Politycy powinni trafić na odwyk. Bez Twittera i FB można żyć
Kląłem długo i namiętnie. Kląłem do chwili, gdy przeraził mnie zasób słów uznanych powszechnie za obraźliwe, którymi dysponuję. Kląłem jednak w samotności. Gdy już skończyłem, zacząłem mierzyć się z tematem: „Język plugawy naszych polityków”. Beznadziejna sprawa.
Andrzej Celiński był kandydatem SLD na prezydenta Warszawy. Był, ale już nie jest. SLD wystawiło go, bo to człowiek zasłużony dla Polski i mądry. Do tego rozpoznawalny. Jeszcze kilka dni temu napisałbym również, że rozsądny, ale już nie mogę. Otóż, okazało się, że Celiński pisze szybciej niż myśli. Napisał więc na Facebooku o Janie Śpiewaku, swoim konkurencie w wyborach, używając słowa mało parlamentarnego. Wulgarnego wprost. I nieważne, że jego wpis był reakcją na post Śpiewaka sugerujący że Celiński ma związki z gen. Marianem Robełkiem, zamieszanym (według Śpiewaka, szefa stowarzyszenia Wolne Miasto Warszawa) w tzw. aferę reprywatyzacyjną. Celiński napisał, co napisał i klikając posłał to w świat.
Niestosowność zachowania swojego kandydata dostrzegło również SLD. Wycofało Celińskiego. Postąpiło tak, jak nie potrafi postąpić np. PiS, które toleruje w swoich szeregach notoryczną internetową agresorkę – Krystynę Pawłowicz.
Wszystko mamy live, ale im mocniej, tym lepiej? Nie!
W okolicach godzinach późnowieczornych niektórzy nasi politycy stają się bardzo elokwentni. To wtedy, zapewne po przeczytaniu kilku książek, dzielą się na Twitterze i Facebooku swoimi przemyśleniami. A im więcej tych książek przeczytali, tym bardziej uważają, że inni muszą koniecznie dowiedzieć się, jaka to myśl genialna zrodziła się im w głowie. A im więcej piszą, tym bardziej przekonują nas, że lektura, z którą się zapoznawali była lekturą naprawdę mocną. I tu zaczyna się problem, bo emocje, które wtedy się z nich wylewają, okraszane są mięsnymi wstawkami i językiem, który przystoi ludziom nieskomplikowanym.

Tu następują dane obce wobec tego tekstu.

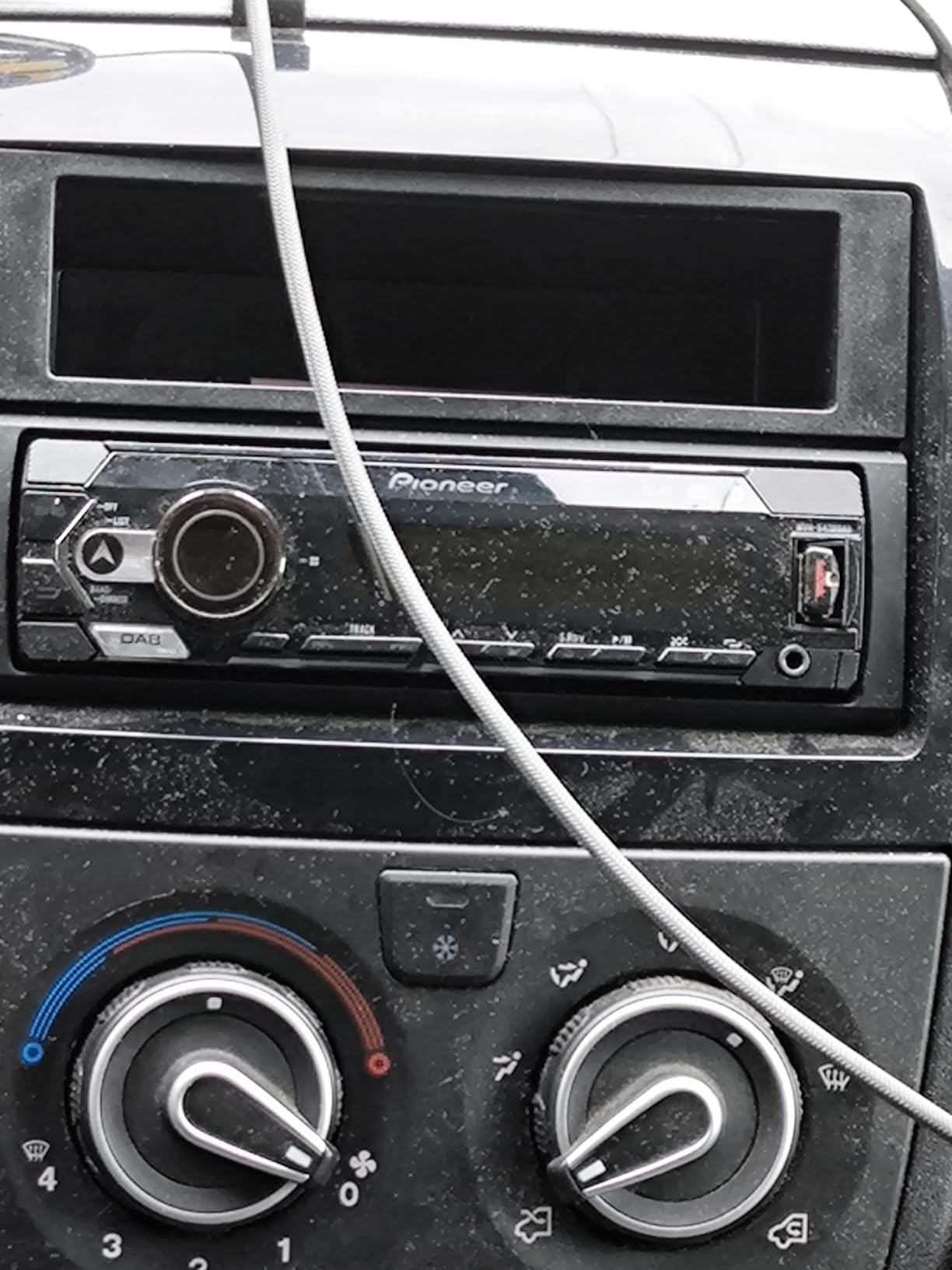 Pioneer MVH-S420DAB Autoradio 1-DIN DAB+ Bluetooth Antenne rot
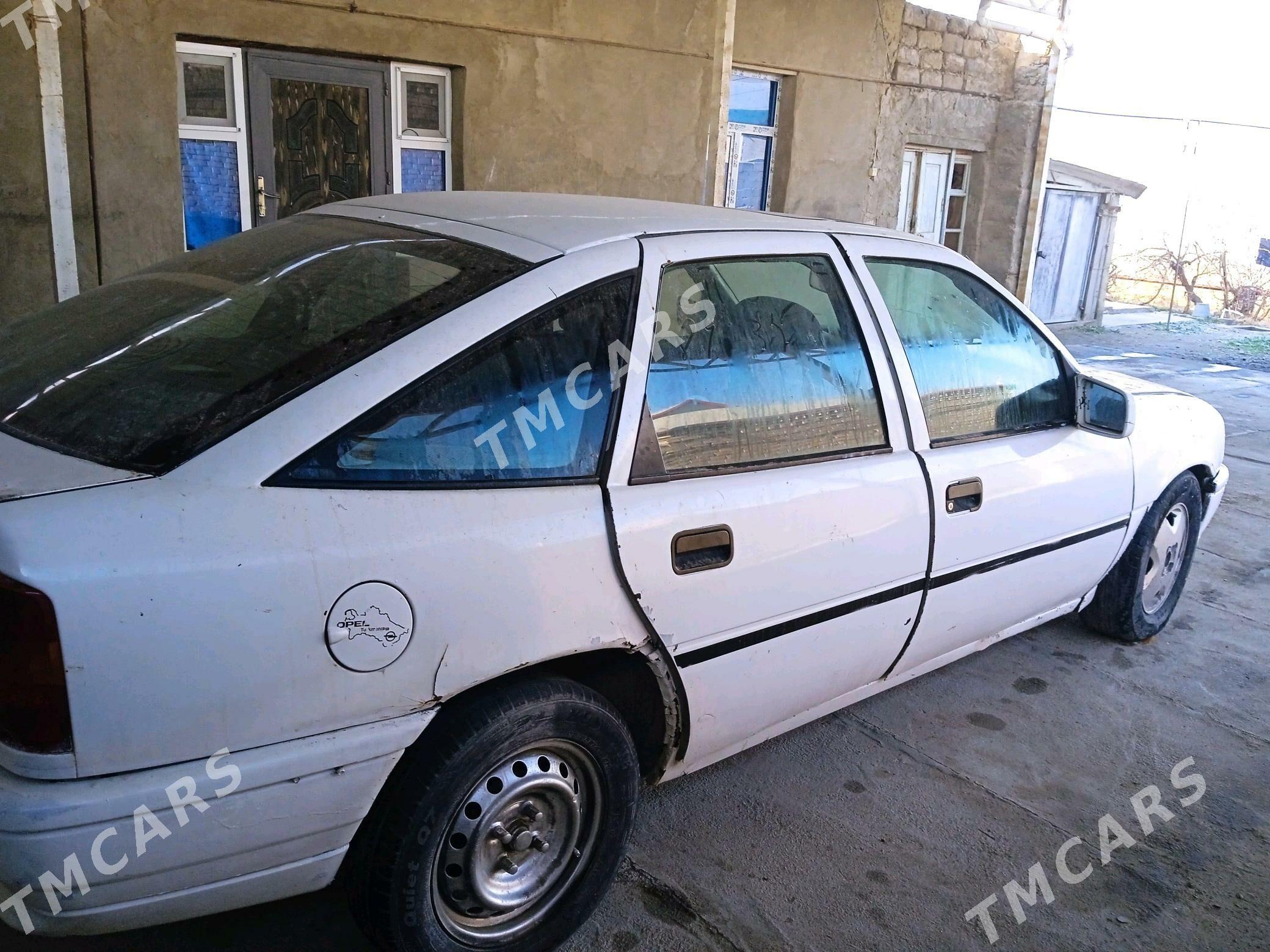 Opel Vectra 1991 - 11 000 TMT - Бахарден - img 3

Od rozgorączkowanych polityków dowiadujemy się kto jest zdrajcą narodu, a kto powinien wisieć. Kto podtarł się Konstytucją, a kto z kim może wyskoczyć na solo. Zyskamy też wiedzę, co politykowi przypomina facjata przeciwnika oraz dlaczego powinien ją przefasonować z pomocą innych.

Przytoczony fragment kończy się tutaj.